+ Reply to Thread
Results 1 to 6 of 6

Re: histogram x-axis data (BINs) are not accounting for all the data entries

  1. #1
    Registered User
    Join Date
    12-09-2013
    Location
    cork
    MS-Off Ver
    Excel 2010
    Posts
    15

    Re: histogram x-axis data (BINs) are not accounting for all the data entries

    For ease of explanation, attached is the data in question and the three histograms based on the data in columns B and column J (BINs).

    Problem statement: with a total of 14 entries in column B, one expects to see 14 entries as an output in the histogram. However, it only shows 13?

    Question: why does the above occur? (ignore the colour formatting)

    Second problem but not as big an issue is how to prevent the "more" occurring in the x-axis especially in the middle. (I am aware this can be removed with the BIN when produced by manual edit) is there another method?

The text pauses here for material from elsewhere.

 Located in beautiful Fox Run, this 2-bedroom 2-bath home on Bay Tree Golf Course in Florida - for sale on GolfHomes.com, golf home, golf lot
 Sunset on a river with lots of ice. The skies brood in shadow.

    Aside: I have about 5000 data entries of type number (transaction amount as per heading in column B), sample data pulled out as a spot check.

    Attempted actions: playing around with different BIN ranges, playing around with different histogram types.

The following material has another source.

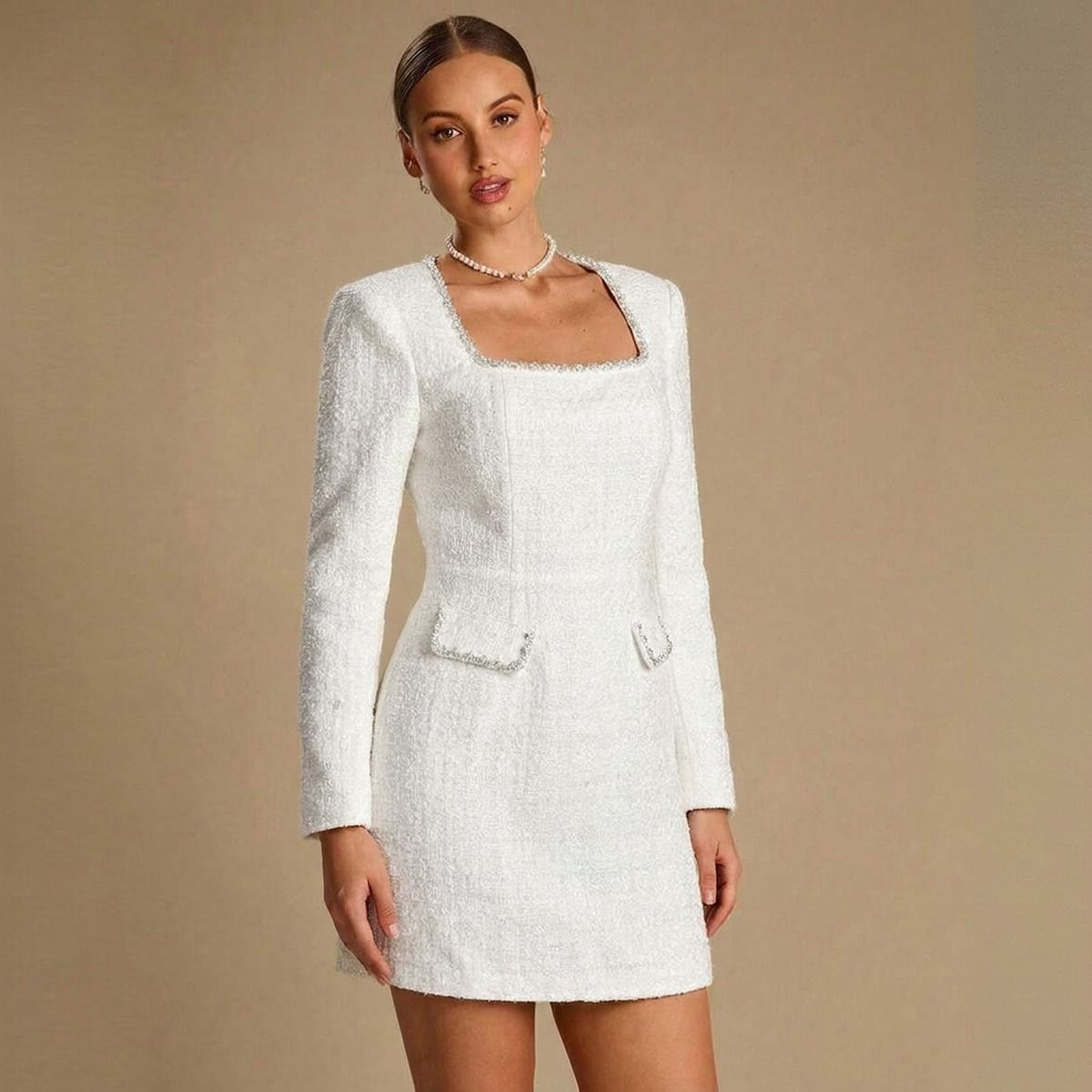 Plano medio frontal de vestido corto de tweed blanco con manga larga y escote cuadrado sobre fondo beige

    Result: always the data produced is one less than the data I have at hand (in this sample data provided).

    thank you in advance,
    Attached Files Attached Files
    Last edited by Mr.Magoo; 11-26-2014 at 02:00 AM. Reason: addition of two further attachments

  2. #2
    Forum Guru
    Join Date
    04-13-2005
    Location
    North America
    MS-Off Ver
    2002/XP and 2007
    Posts
    15,819

    Re: histogram x-axis data (BINs) are not accounting for all the data entries

    Are you certain you included B2 in the "input range" field of the histogram tool? It appears to me that all of your attempts are failing to include this point in the counts. When I try to recreate your histograms, it correctly counts this point in the totals. My best guess at this point is that you failed to include B2 in the input. Other than that, I cannot recreate your problem. (One of the problems with using the histogram tool is that Excel does not record your inputs, so we have no way of verifying ourselves what you used for inputs unless you tell us). Verify what you have put in the input fields of the histogram utility and include them here so we can more accurately recreate exactly what you have done that is giving erroneous results.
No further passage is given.